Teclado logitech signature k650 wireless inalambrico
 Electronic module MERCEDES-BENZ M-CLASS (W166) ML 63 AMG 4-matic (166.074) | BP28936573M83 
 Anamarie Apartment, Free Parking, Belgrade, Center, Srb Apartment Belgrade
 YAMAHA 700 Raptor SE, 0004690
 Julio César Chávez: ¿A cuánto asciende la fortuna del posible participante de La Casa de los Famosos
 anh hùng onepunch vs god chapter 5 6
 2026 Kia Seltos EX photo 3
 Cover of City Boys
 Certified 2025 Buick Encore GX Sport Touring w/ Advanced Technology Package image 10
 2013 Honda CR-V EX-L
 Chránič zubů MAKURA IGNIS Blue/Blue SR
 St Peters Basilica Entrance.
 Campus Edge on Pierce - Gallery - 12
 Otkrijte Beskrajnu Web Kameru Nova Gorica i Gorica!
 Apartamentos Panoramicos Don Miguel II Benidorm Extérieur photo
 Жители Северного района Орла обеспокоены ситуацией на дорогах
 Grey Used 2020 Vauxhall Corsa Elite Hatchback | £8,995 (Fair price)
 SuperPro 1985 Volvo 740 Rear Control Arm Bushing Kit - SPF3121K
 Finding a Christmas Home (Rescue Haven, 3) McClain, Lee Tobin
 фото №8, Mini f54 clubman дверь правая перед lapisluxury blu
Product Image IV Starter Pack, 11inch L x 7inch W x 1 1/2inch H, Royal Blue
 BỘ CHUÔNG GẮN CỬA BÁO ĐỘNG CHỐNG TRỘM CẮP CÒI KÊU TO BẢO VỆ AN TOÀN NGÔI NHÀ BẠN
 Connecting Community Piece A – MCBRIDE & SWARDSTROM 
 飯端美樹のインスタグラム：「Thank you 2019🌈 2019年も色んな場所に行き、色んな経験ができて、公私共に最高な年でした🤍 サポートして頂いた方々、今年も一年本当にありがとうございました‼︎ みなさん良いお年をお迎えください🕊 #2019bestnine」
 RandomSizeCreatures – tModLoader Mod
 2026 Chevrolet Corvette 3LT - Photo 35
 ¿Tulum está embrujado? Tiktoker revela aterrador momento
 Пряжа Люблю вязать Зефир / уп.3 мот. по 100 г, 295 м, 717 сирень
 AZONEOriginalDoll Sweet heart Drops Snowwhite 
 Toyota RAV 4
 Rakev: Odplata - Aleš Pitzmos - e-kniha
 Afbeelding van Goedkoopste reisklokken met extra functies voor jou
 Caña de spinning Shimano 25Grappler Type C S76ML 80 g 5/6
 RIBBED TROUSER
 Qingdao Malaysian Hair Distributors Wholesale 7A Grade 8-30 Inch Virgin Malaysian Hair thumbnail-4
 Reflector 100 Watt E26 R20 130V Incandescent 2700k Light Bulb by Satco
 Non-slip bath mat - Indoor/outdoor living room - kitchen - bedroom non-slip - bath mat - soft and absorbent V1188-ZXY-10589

# WHAT IS NEEDED:
Only the lines above starting at the line that holds "anh hùng onepunch vs god chapter 5 6" and ending at the line that holds "Otkrijte Beskrajnu Web" are to be repeated, exactly and in full.

# RESPONSE:
 anh hùng onepunch vs god chapter 5 6
 2026 Kia Seltos EX photo 3
 Cover of City Boys
 Certified 2025 Buick Encore GX Sport Touring w/ Advanced Technology Package image 10
 2013 Honda CR-V EX-L
 Chránič zubů MAKURA IGNIS Blue/Blue SR
 St Peters Basilica Entrance.
 Campus Edge on Pierce - Gallery - 12
 Otkrijte Beskrajnu Web Kameru Nova Gorica i Gorica!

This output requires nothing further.